**Exercise description:** Please return only the lines from the one holding "Três figuras femininas" through the one holding "Maybelline Super Stay", exactly as they appear in the records below, both ends included.

*** Material supplied ***

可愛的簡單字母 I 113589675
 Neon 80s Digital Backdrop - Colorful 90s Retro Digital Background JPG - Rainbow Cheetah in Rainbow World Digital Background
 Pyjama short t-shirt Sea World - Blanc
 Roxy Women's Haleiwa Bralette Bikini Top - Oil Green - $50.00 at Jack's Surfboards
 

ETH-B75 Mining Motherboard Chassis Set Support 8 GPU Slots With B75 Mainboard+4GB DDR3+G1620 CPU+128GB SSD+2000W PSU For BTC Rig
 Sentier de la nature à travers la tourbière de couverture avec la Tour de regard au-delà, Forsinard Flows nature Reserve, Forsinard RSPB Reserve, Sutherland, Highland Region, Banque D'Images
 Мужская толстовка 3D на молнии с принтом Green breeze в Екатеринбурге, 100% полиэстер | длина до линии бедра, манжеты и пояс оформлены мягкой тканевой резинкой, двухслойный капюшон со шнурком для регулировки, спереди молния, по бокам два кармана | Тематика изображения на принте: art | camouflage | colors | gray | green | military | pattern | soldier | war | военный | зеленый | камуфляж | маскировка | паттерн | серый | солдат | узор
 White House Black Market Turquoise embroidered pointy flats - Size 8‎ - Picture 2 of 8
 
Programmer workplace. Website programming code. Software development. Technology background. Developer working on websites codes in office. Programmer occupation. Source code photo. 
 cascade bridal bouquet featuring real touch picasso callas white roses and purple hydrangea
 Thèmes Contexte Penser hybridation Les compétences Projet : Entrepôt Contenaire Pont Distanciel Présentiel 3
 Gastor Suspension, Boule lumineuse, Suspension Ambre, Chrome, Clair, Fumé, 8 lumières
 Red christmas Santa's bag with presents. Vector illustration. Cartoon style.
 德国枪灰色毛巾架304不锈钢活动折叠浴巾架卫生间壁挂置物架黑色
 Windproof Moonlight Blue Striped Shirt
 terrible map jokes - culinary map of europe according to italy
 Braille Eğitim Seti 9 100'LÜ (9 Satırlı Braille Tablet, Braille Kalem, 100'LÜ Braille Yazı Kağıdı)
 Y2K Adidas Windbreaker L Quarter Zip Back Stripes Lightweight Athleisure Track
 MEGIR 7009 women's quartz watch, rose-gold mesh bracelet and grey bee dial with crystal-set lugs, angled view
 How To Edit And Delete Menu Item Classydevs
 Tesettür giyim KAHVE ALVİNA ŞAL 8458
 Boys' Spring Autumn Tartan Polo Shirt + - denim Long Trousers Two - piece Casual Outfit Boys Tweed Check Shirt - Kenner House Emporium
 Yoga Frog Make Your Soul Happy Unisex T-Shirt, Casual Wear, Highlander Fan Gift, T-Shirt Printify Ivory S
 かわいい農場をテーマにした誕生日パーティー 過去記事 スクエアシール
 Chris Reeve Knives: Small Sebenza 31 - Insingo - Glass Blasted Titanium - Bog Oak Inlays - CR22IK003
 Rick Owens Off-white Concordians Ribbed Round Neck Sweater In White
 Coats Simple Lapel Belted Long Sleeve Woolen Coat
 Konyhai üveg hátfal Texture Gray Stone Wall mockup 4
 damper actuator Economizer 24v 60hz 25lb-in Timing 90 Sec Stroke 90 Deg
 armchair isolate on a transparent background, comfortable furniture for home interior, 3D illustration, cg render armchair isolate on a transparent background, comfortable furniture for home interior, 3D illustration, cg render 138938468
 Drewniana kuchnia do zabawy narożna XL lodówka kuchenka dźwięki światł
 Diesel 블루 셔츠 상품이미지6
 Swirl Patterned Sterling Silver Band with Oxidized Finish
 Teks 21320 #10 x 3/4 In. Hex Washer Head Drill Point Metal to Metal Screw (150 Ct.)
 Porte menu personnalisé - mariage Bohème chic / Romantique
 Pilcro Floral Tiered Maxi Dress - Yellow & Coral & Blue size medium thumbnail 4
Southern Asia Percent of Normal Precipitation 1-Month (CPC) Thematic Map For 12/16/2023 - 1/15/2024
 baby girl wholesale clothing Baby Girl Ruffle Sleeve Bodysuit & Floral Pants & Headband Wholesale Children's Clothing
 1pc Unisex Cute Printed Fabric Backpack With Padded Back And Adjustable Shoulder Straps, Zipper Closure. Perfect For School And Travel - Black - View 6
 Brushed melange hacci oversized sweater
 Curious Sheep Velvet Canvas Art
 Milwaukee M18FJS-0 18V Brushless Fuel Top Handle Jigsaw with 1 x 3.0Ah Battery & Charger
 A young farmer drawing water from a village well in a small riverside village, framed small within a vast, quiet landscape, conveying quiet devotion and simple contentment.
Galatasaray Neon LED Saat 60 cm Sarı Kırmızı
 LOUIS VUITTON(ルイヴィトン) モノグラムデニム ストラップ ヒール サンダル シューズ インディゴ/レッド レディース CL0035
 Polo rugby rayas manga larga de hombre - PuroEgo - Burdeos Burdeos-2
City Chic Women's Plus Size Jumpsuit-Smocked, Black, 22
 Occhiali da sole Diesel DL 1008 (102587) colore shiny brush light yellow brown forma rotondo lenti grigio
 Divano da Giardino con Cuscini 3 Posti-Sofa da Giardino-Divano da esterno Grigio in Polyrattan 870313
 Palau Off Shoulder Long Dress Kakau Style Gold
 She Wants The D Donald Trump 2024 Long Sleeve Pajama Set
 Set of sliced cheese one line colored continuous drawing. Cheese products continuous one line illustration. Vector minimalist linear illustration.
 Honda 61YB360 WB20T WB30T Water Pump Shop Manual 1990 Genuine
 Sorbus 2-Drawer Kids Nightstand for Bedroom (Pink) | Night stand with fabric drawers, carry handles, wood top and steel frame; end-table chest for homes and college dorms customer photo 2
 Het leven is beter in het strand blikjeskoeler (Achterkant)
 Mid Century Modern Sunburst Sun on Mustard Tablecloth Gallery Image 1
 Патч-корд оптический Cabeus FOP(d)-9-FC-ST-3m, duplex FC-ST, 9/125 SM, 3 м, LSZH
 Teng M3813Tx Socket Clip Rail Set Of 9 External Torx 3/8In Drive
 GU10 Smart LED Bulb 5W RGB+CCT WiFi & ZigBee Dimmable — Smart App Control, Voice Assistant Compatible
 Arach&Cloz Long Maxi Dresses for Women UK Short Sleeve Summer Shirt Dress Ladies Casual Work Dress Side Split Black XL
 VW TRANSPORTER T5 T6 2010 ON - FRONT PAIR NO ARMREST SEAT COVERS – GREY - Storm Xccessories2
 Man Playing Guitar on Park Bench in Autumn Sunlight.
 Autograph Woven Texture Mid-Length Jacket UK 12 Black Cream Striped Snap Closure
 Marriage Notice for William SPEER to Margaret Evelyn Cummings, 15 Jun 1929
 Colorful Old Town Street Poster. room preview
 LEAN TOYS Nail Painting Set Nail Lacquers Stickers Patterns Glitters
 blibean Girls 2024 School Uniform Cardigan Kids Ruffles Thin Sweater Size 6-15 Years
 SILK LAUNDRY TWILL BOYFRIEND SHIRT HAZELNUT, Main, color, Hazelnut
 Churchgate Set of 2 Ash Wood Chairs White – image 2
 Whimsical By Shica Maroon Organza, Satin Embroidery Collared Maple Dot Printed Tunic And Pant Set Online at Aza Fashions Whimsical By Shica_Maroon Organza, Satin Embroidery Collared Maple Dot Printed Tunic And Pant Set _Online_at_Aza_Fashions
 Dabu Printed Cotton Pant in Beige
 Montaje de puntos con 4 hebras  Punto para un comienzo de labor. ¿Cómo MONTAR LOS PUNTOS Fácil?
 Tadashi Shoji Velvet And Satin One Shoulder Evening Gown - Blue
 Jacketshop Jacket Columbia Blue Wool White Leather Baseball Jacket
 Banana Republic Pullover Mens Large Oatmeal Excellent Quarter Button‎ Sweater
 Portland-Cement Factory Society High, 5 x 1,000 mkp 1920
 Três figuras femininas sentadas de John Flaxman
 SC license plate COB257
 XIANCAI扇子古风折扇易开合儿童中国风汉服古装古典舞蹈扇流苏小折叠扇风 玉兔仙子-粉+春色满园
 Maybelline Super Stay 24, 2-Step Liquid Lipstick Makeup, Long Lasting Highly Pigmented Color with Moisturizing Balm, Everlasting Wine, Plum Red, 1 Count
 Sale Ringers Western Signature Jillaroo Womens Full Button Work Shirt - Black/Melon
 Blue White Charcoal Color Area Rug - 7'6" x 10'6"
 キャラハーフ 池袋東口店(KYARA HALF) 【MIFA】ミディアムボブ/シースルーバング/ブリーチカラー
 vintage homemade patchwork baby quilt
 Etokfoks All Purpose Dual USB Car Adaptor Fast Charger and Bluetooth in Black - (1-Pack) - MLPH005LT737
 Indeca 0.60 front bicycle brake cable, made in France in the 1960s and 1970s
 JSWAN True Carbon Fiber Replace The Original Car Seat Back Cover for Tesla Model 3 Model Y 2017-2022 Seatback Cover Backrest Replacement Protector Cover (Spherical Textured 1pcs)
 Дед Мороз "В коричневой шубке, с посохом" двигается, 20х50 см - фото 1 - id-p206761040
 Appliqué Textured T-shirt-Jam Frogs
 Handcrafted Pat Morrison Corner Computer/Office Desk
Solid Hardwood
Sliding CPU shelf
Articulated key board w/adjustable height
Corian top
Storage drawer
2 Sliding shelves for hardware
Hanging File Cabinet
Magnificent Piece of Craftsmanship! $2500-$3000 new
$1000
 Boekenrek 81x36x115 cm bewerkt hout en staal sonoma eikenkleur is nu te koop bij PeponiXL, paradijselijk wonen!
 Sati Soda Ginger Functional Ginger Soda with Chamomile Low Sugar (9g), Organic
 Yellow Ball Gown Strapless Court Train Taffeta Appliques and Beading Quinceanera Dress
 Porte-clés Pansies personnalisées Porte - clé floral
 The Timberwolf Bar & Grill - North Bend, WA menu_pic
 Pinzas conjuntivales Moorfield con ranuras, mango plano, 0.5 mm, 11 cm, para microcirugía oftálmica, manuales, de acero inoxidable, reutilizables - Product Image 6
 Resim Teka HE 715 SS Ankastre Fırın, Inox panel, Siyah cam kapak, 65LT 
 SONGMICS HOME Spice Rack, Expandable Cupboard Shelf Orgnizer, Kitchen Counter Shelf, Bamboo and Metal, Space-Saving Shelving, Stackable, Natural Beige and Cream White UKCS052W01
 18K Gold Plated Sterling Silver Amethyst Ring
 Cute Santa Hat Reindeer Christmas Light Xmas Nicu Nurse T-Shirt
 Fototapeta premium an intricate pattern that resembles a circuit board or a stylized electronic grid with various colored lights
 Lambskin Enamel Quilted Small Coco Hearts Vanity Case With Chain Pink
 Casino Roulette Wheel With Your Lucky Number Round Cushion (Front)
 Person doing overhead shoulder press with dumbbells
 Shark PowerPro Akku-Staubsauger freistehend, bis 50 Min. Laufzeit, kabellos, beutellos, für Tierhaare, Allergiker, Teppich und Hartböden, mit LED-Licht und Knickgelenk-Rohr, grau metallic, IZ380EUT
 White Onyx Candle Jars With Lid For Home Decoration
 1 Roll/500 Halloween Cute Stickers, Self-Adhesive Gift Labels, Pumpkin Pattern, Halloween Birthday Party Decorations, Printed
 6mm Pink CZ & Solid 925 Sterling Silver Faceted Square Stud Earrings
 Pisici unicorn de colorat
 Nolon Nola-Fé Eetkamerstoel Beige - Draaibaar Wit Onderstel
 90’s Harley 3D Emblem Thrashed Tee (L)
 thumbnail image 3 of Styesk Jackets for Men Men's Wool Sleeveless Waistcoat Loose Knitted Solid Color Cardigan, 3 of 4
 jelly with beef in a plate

*** End of Material supplied ***

**Solution to this problem:**
 Três figuras femininas sentadas de John Flaxman
 SC license plate COB257
 XIANCAI扇子古风折扇易开合儿童中国风汉服古装古典舞蹈扇流苏小折叠扇风 玉兔仙子-粉+春色满园
 Maybelline Super Stay 24, 2-Step Liquid Lipstick Makeup, Long Lasting Highly Pigmented Color with Moisturizing Balm, Everlasting Wine, Plum Red, 1 Count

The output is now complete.